Task objective: Starting at the first line of the data, print each line verbatim up to and including the line bearing "GFAP antibody", omitting pictures.

Data:
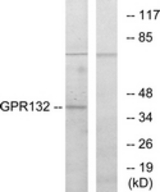 Western blot of extracts from COS7 cells, using GPR132 Antibody. The lane on the right was incubated with synthetic peptide.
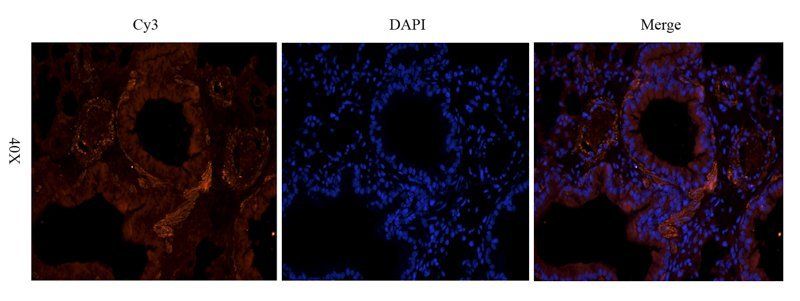 GFAP antibody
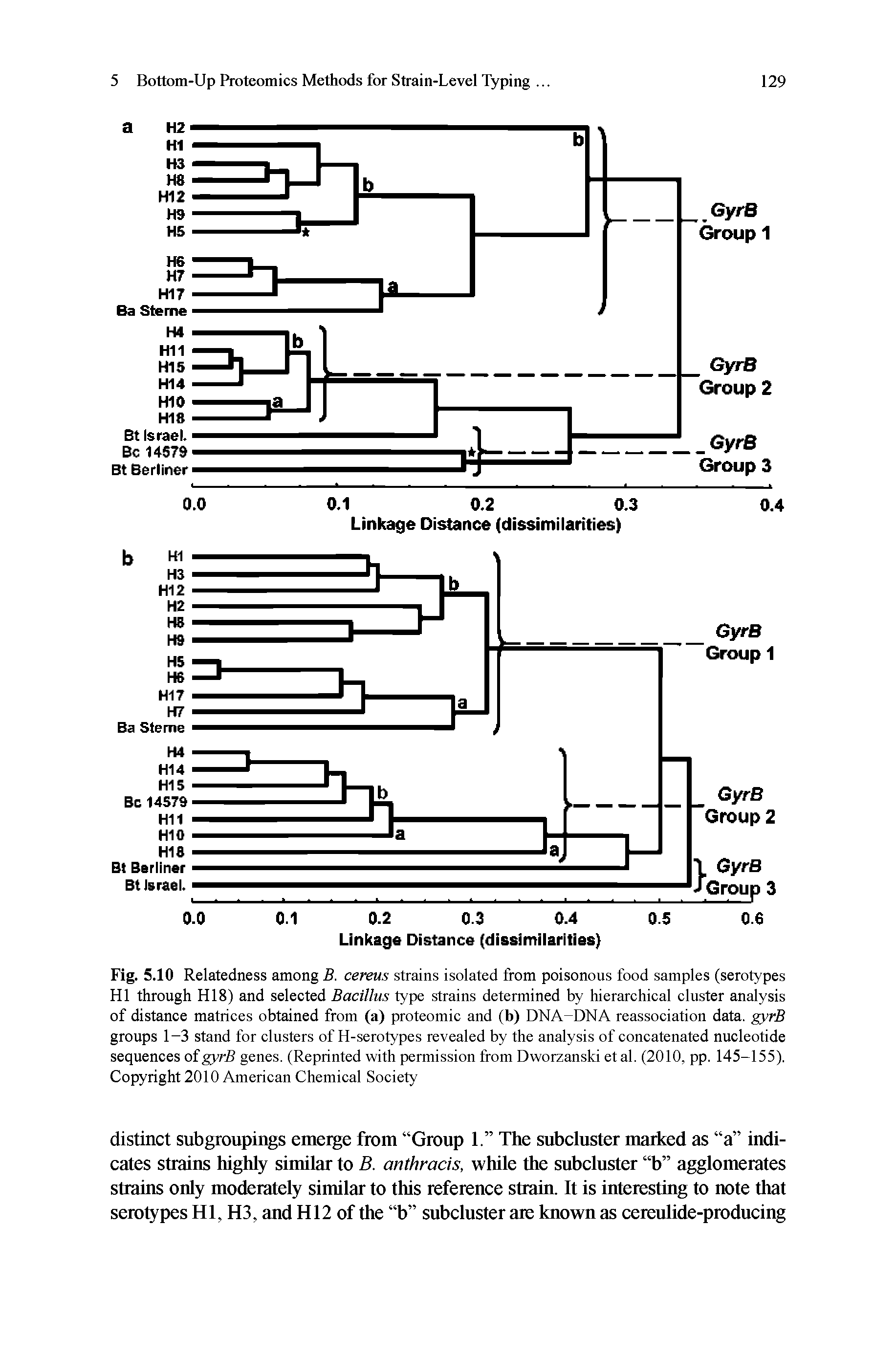 Fig. 5.10 Relatedness among B. cereus strains isolated from poisonous food samples (serotypes HI through HI8) and seleeted Bacillus type strains determined by hierarchieal cluster analysis of distance matrices obtained from (a) proteomic and (b) DNA-DNA reassociation data. gyrB groups 1-3 stand for clusters of H-serotypes revealed by the analysis of concatenated nucleotide sequences oigyrB genes. (Reprinted with permission from Dworzanski etal. (2010, pp. 145-155). Copyright 2010 American Chemical Society...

Exercise answer:
 Western blot of extracts from COS7 cells, using GPR132 Antibody. The lane on the right was incubated with synthetic peptide.
 GFAP antibody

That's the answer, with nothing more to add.